Japanese architect Kengo Kuma synthesises Japanese traditionalism and European modernism in the form of a bamboo house in the forests of China. Sounds about right for this year's winner of Finland's Spirit of Nature Wood Architecture Award …
"The theme of my architecture is the escape from concrete-based structures," says Japanese architect Kengo Kuma. He has taken refuge in timber buildings – so much so that he has won a prestigious international award for timber architecture, which comes with a prize of £30,000.

The Spirit of Nature architecture award is conferred by the Wood in Culture Association of Finland. This year's was presented last week in Lahti, southern Finland, by prime minister Paavo Lipponen.

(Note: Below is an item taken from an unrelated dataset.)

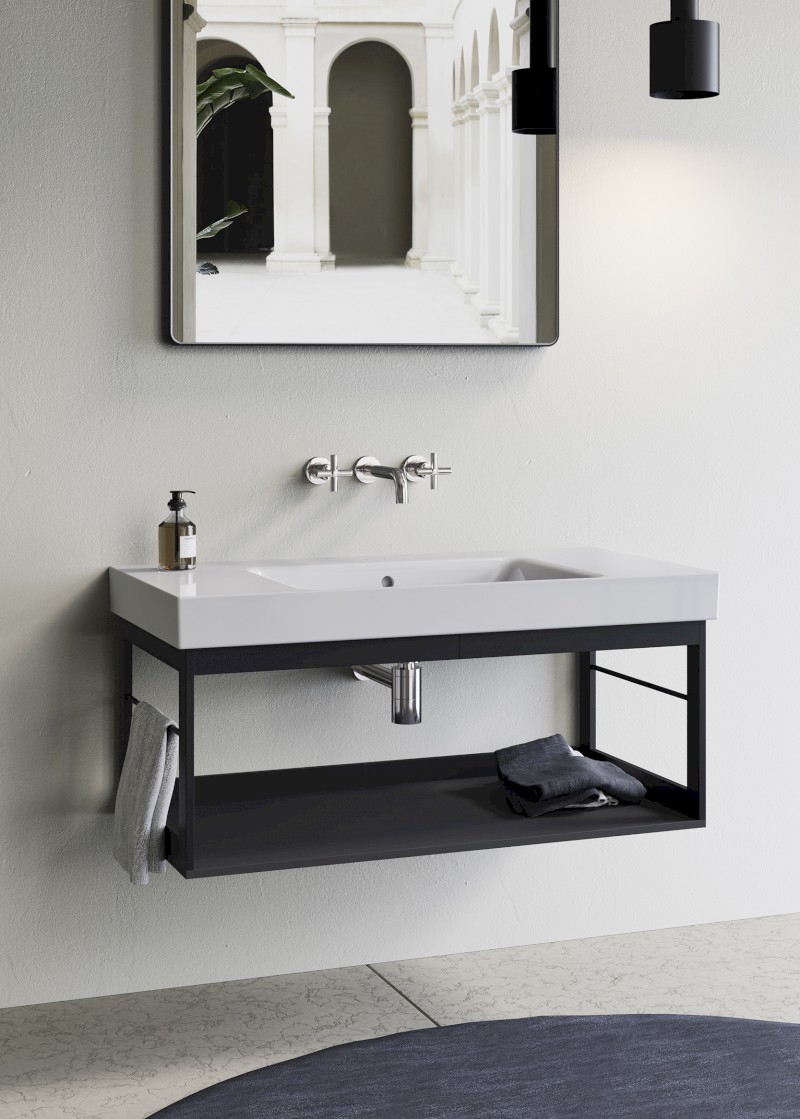 NUBES/NORM konstrukce pod umyvadlo 100x50cm, černá mat MSN10028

Kuma is, by his own admission, a reactionary, influenced by the traditional Japanese house he was born in – but he is anything but a crude traditionalist in the Western sense. His latest work, a bamboo house outside Beijing in China, consists of a series of light-filled spaces that flow into each other.

It brings to mind classic Japanese houses of timber and rice paper panels, as well as Ludwig Mies van der Rohe's modernist German Pavilion for the Barcelona exhibition of 1929, built in marble and glass.

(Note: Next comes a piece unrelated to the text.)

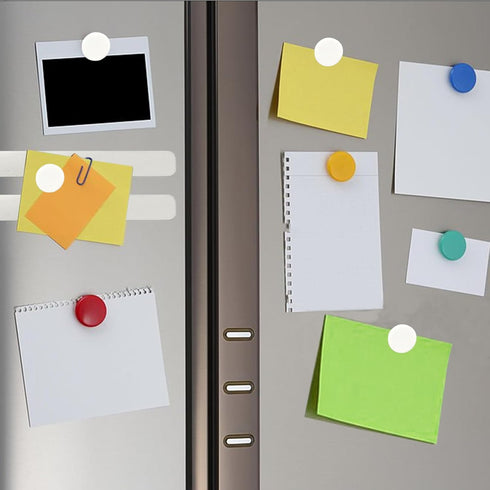 Magnetic Board with 10 Pcs White Magnet - Frameless Stainless Iron Strips with Adhesive Backing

"My approach is to relate to the modern movement and combine this with traditional Japanese carpentry to create a new culture and design," he says. "I like the warmth, sensuality and smell of natural wood."

The bamboo house exploits both the natural qualities and the translucency of this timber. The visible walls and ceilings are flat planes of bamboo poles with a rich, honey-coloured texture. The bamboo walls are in fact screens that mask the real external walls of clear frameless glazing, and the spacing of the poles determines the transparency of the walls.

Kuma was selected for the award by an international jury of five architectural experts. "Many of Kuma's works are characterised by a refined use of wood and a profound understanding of its nature as a building material," said the jury chairman, professor Gunnel Adlercreutz of Helsinki.

"He has combined new and traditional elements to produce architecture that is completely modern, while sensitively adapting to surroundings, in a dialogue that adds value to the new and to the existing."